In 2022, parents can gift up to $16,000 per year per child without having to report it to the IRS.  For example, if there are two children and two parents in a family, then each parent can give $16,000 to each child, which in total amounts to $64,000.

The parents are not required to file a gift tax return for this amount in 2021. However, anything above and beyond this limit requires documentation with the IRS. It also means parents have to use a portion of their lifetime gift tax exemption which currently stands at $11.7 million.

Opening a bank account for kids: Tax implications          

It is always advised to open a bank account for children as it will teach them valuable lessons about the importance of saving and spending money wisely. However, there are tax implications for money put into a savings account for a child.

Children like adults are liable to pay taxes on interests earned in a savings account, but everything is dependent on how much money is earned.

As per IRS rules, a child having more than $2,200 in unearned income, is supposed to pay taxes the parent’s tax rate or their own—whichever is higher. Then there is also the option of parents reporting the interest earned on their child’s saving account as their own. However, this could result in higher tax liability.

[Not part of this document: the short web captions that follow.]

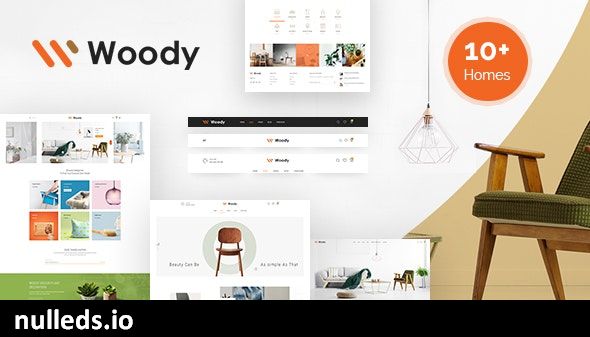 Woody - Furniture WooCommerce WordPress Theme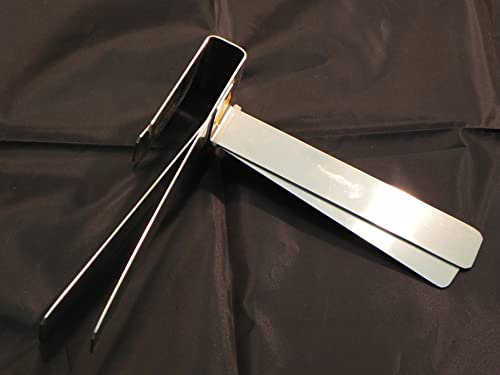 Rähmchenhalter 25mm Edelstahl für alle Maße, 2-teilig, für ca.3 Rähmchen Wabenhalter Imker Imkerei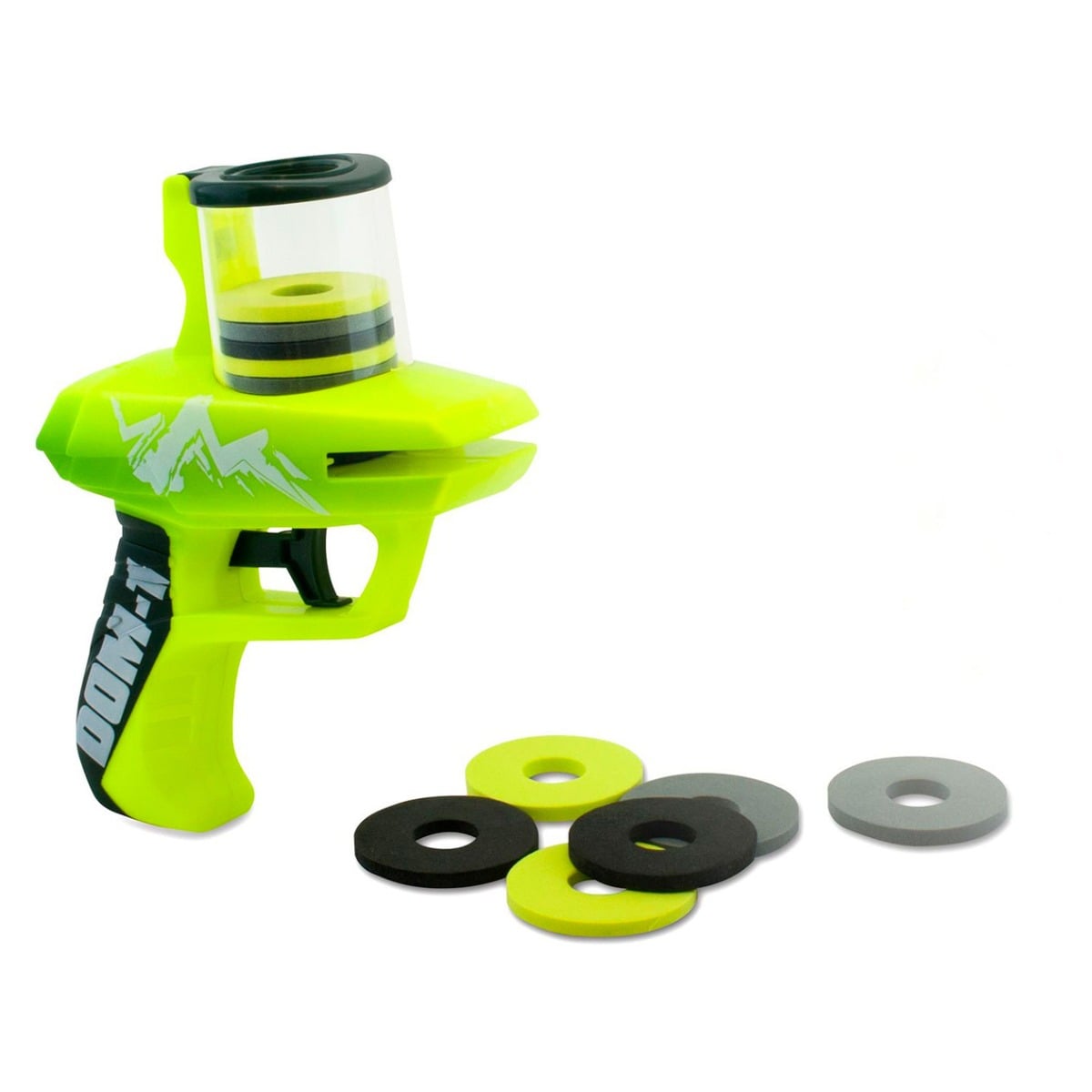 Pistol Zip Shot 12 discuri Lanard Toys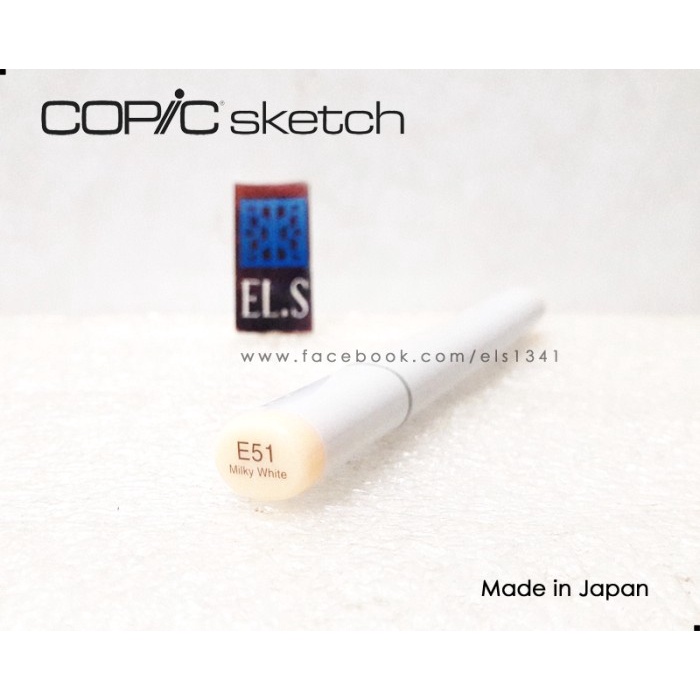 

Produk Unggulan Copic Sketch Marker E51 Terbatas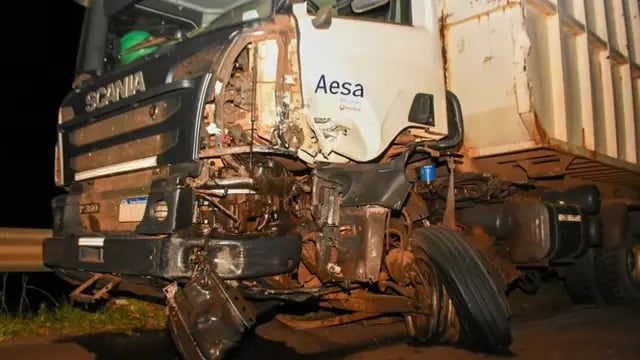 Violento accidente vial en Garupá: un automovilista perdió la vida
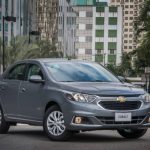 Sedan médio Cobalt agrada motoristas na nova linha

Also, money put into custodial accounts belongs to the child, though it is managed by an elder till the child becomes an adult and assumes full control of it. It means any interest earned or growth is taxable at the child’s rate, which is lower than what an adult has to pay.

Under UGMA and UTMA, a child younger than 14 has to pay no taxes on an amount up to $950. For the next $950, the child tax rate is applicable. Beyond that, the child is taxed at the parental rate. For children aged 14 and above, income and capital gains are taxed at the child’s rate.

Summary: How Old Do You Have To Be To Open A Bank Account?

Financial literacy for kids begins earlier than most parents expect or realize. A University of Cambridge study shows that the majority of the children start understanding the value of money by the age of 7.

They generally become aware of how money is earned and how it can be used to purchase goods and services. The study also found out that kids despite grasping the basic concepts of money, somewhat struggle to differentiate between luxuries and necessities (a problem many adults face as well).

Opening a bank account in your child’s name provides you with hands-on experience in money management. And since kids cannot have their own account unless they turn adults, their parents need to open an account on their behalf and link it with their own banking account.

This in turn offers parents greater control over how the child spends or saves the money received. Almost all kids accounts and debit cards come equipped with features that allow parents to keep tabs on their children’s spending habits. Some also offer interest irrespective of the amount in the account and provide savings and investing tools to help children learn the basics of saving, spending, and even earning money.